Please RSVP to Inna Strizhevsky at istrizh@emory.edu by Monday, January 19.

Kelly Bulkeley 
"Dreams and Religious Healing: Ancient rituals, modern therapies, future technologies"
Thursday, February 18 2016, 4:30 PM Candler School of Theology, RARB 252 

Dream-related practices of healing are found in religious traditions all over the world, and they have deeply influenced the modern psychotherapeutic methods of Freud, Jung, and many others.  This presentation will shed new light on the effectiveness of these practices by describing the latest scientific research on brain-mind functioning during sleep and dreaming.  The discussion will include possible applications of dream database technology in future modes of therapy, in both religious and secular contexts.

Kelly Bulkeley, Ph.D., is a Visiting Scholar at the Graduate Theological Union in Berkeley, California. Architect of the Sleep and Dream Database (SDDb), former President of the International Association for the Study of Dreams and Senior Editor of the APA journal Dreaming, his recent works include Big Dreams: The Science of Dreaming and the Origins of Religion (Oxford University Press, in press), Dreaming in the Classroom: Practices, Methods, and Resources in Dream Education (co-authored with Philip King and Bernard Welt) (State University of New York Press, 2011), and Dreaming in the World’s Religions: A Comparative History (New York University Press, 2008).
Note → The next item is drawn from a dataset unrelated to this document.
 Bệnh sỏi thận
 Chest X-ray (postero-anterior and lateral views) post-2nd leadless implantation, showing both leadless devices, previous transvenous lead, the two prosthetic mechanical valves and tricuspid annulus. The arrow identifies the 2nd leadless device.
Event sponsored by the Graduate Division of Religion and the Psychoanalytic Studies Program.

Noëlle McAfee
“Deliberation and the Work of Mourning”
Wednesday, March 23 2016, 4:30PM, White Hall 103

Dr. Noëlle McAfee is Professor of Philosophy and affiliated faculty in Women’s, Gender, and Sexuality Studies and the Psychoanalytic Studies Program at Emory University. She is also a candidate at the Emory University Psychoanalytic Institute. She is the author of Democracy and the Political Unconscious (Columbia 2008); Julia Kristeva (Routledge 2003); Habermas, Kristeva, and Citizenship (Cornell 2000); and numerous articles and book chapters. During the past decade she has worked on projects supported by the Kettering Foundation, the Ford Foundation, and the MacArthur Foundation. She received her PhD in philosophy at the University of Texas at Austin in 1998 with a dissertation on democratic agency in critical theory and French feminism. Her co-edited volumes include a special issue of the philosophy journal Hypatia on feminist engagements in democratic theory and an edited volume titled Democratizing Deliberation: A Political Theory Anthology (Kettering 2012). She is also co-director of the Public Philosophy Network and co-editor of the Kettering Review.  She is currently working on a book manuscript entitled Democracy Otherwise.

Political deliberation is not just a process of reason giving and consideration, which many political philosophers think it is, but an affective process that any psychoanalyst would recognize. As John Dewey noted, any choice is a forking of the roads, and the roads we take help create who we become. But equally important are the alleyways that haunt those roads and the losses we incur when we go in one direction rather than another. The work of mourning is as key for democratic citizens as it is for analysands. Without that work, politics becomes an enactment of fantasied, unrealistic expectations; demonic projections; and persecutory anxieties. Here work since Freud becomes vitally important in understanding our political situation. Melanie Klein, for example, offers a way of understanding “the depressive position” in which we work through fantasies of splitting and revenge. A politics of working through difficult choices and mis-representations of others in our midst could help allay the paranoid politics that dominates politics today.